Activity:
Your copy should begin with the line containing "Wine logo imprint", end with the line containing "Bahia perde para", match the listing below exactly, and contain no pictures.

Available data:
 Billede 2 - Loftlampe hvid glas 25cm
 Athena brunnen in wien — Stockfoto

---

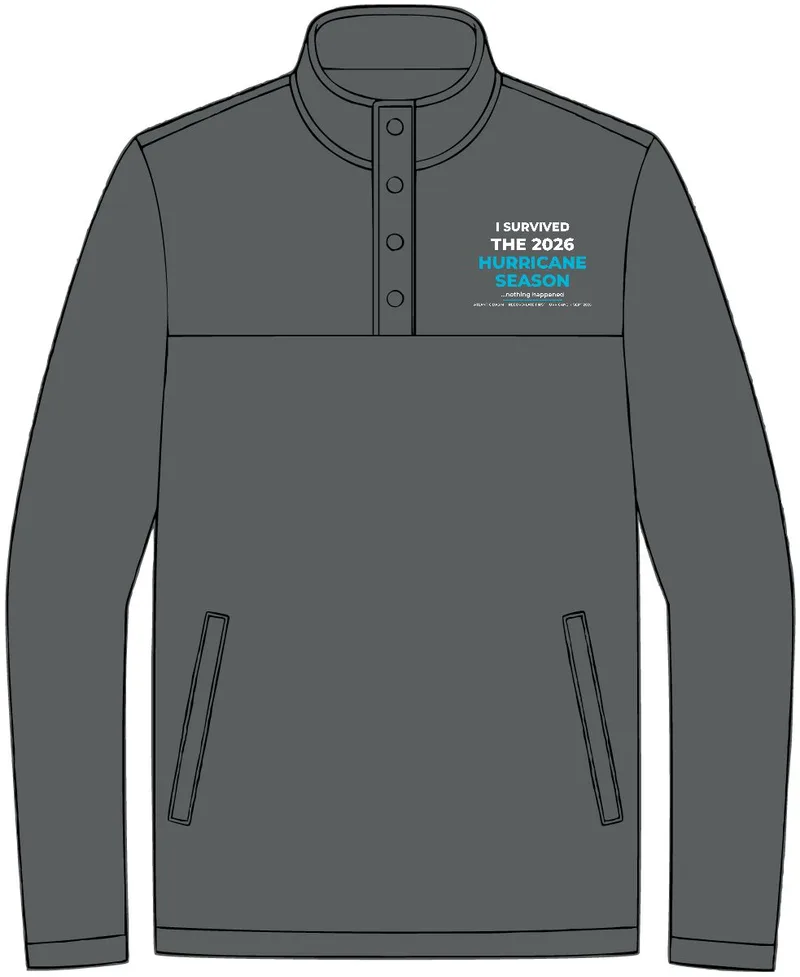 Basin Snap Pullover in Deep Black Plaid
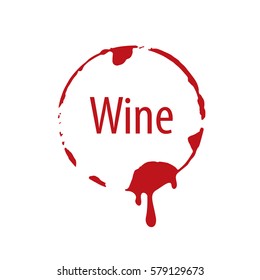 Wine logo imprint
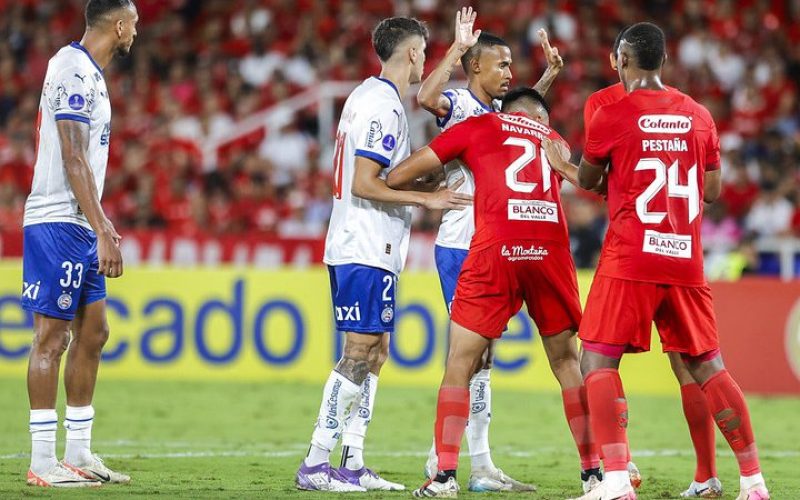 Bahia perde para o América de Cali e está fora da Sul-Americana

The answer:
 Wine logo imprint
 Bahia perde para o América de Cali e está fora da Sul-Americana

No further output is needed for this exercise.